(Short text fragments from websites)
>>>>>

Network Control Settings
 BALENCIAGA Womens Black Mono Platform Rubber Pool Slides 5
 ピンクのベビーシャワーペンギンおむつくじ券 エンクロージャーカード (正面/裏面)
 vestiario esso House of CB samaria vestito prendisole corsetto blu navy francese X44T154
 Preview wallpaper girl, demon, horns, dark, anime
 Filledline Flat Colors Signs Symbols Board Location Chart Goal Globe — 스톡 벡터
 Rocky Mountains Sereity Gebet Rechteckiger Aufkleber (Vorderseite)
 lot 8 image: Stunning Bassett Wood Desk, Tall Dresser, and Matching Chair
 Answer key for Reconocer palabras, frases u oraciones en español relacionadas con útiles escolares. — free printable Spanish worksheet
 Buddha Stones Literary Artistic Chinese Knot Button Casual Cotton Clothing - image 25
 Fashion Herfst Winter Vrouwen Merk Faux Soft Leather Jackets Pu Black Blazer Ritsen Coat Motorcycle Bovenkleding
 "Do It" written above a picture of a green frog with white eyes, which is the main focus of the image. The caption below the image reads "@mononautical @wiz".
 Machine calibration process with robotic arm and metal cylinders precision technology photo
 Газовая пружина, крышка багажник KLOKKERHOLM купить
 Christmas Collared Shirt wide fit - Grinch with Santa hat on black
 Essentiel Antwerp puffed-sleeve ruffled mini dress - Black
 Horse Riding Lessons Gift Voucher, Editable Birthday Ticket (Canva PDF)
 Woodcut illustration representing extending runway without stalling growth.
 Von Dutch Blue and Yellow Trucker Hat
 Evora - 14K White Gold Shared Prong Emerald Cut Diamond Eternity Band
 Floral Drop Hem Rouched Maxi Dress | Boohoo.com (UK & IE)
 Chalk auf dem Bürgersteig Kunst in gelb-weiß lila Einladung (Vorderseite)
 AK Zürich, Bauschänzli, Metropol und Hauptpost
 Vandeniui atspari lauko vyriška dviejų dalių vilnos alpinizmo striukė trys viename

<<<<<

Work request -
Transcribe each line of the data above, unaltered, from the one where "Preview wallpaper girl, demon, horns, dark, anime" appears to the one where "Fashion Herfst Winter" appears, inclusive of both.

Result for this task -
 Preview wallpaper girl, demon, horns, dark, anime
 Filledline Flat Colors Signs Symbols Board Location Chart Goal Globe — 스톡 벡터
 Rocky Mountains Sereity Gebet Rechteckiger Aufkleber (Vorderseite)
 lot 8 image: Stunning Bassett Wood Desk, Tall Dresser, and Matching Chair
 Answer key for Reconocer palabras, frases u oraciones en español relacionadas con útiles escolares. — free printable Spanish worksheet
 Buddha Stones Literary Artistic Chinese Knot Button Casual Cotton Clothing - image 25
 Fashion Herfst Winter Vrouwen Merk Faux Soft Leather Jackets Pu Black Blazer Ritsen Coat Motorcycle Bovenkleding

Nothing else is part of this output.